Vertigo Due to Vascular Mechanisms
- Hyun Ah Kim; Hyung Lee; Ji-Soo Kim
- Publication Year
- dizziness; vertigo; stroke; infarction
- Isolated dizziness and vertigo due to vascular mechanisms are frequently misdiagnosed as peripheral vestibulopathy or vestibular migraine. For diagnosis of strokes presenting with an acute prolonged (≥ 24 hours) vestibular syndrome, findings on clinical examination, such as HINTS (negative head impulse tests, detection of direction-changing gaze-evoked nystagmus, and presence of skew deviation), are more sensitive than findings on neuroimaging. Since HINTS alone cannot securely detect anterior inferior cerebellar artery strokes, additional attention should be paid to the patients with unexplained hearing loss in addition to acute prolonged vestibulopathy.
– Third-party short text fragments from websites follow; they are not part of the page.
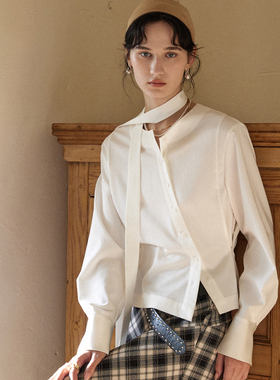 相对纶/掐腰显身材/特厚莱赛尔两穿式飘带短款法式大方气质白衬衫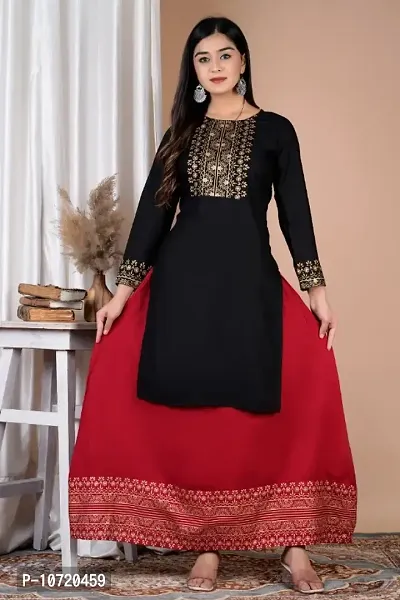 Beautiful Trendy Black Printed Kurti with Mahroon Skirt |Rayon Fabric and Three Quarter Sleeves|Kurta Sets for Women_Blackmahroon skirt-thumb0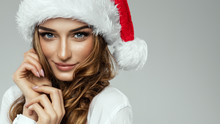 Portrait Of Beautiful Female Model Wear Santa Hat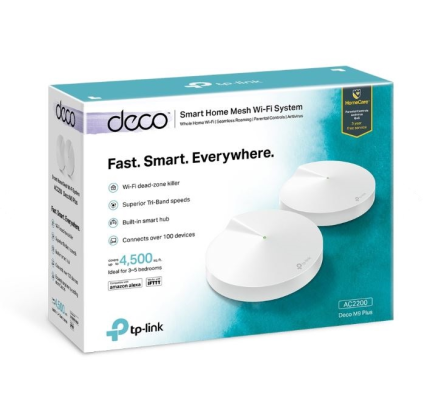 Home Mesh Wi-Fi System | Deco M9 Plus (2-Pack) | 802.11ac | 400+867+867 Mbit / s | 10 / 100 / 1000 Mbit / s | Ethernet LAN (RJ-45) ports 2 | Mesh Support Yes | MU-MiMO Yes | No mobile broadband | Antenna type 8xInternal | 1xUSB 2.0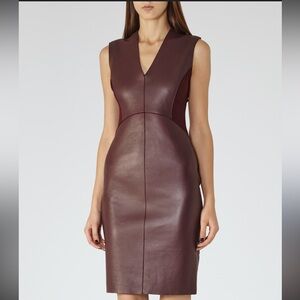 REISS Arnis 100% lamb Leather Mini Dress. Size 8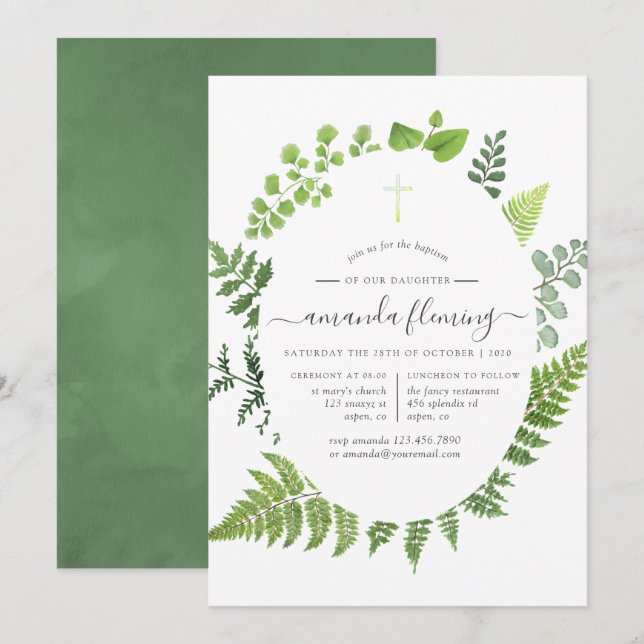 Woodland Forest Greenery Baptism or Christening Invitation (Front/Back)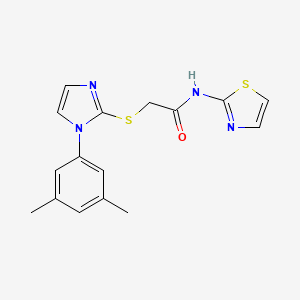 2-{[1-(3,5-dimethylphenyl)-1H-imidazol-2-yl]sulfanyl}-N-(1,3-thiazol-2-yl)acetamide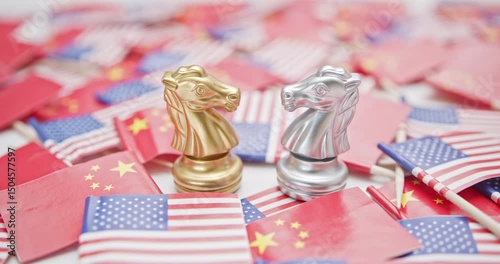 Golden and silver knight chess pieces represent the tactical competition between China and the US, surrounded by their respective flags, depicting the intricate trade negotiations, economic rivalries.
For diagnosis of transient (< 24 hours) spontaneous vestibular syndrome due to vascular mechanisms, the presence of associated craniocervical pain and focal neurological symptoms/signs is the clue. Even without these symptoms or signs, however, vascular imaging combined with perfusion- and diffusion-weighted MRI should be performed in patients with multiple vascular risk factors or a high ABCD2 score (age, blood pressure, clinical features, duration of symptom, and presence of diabetes).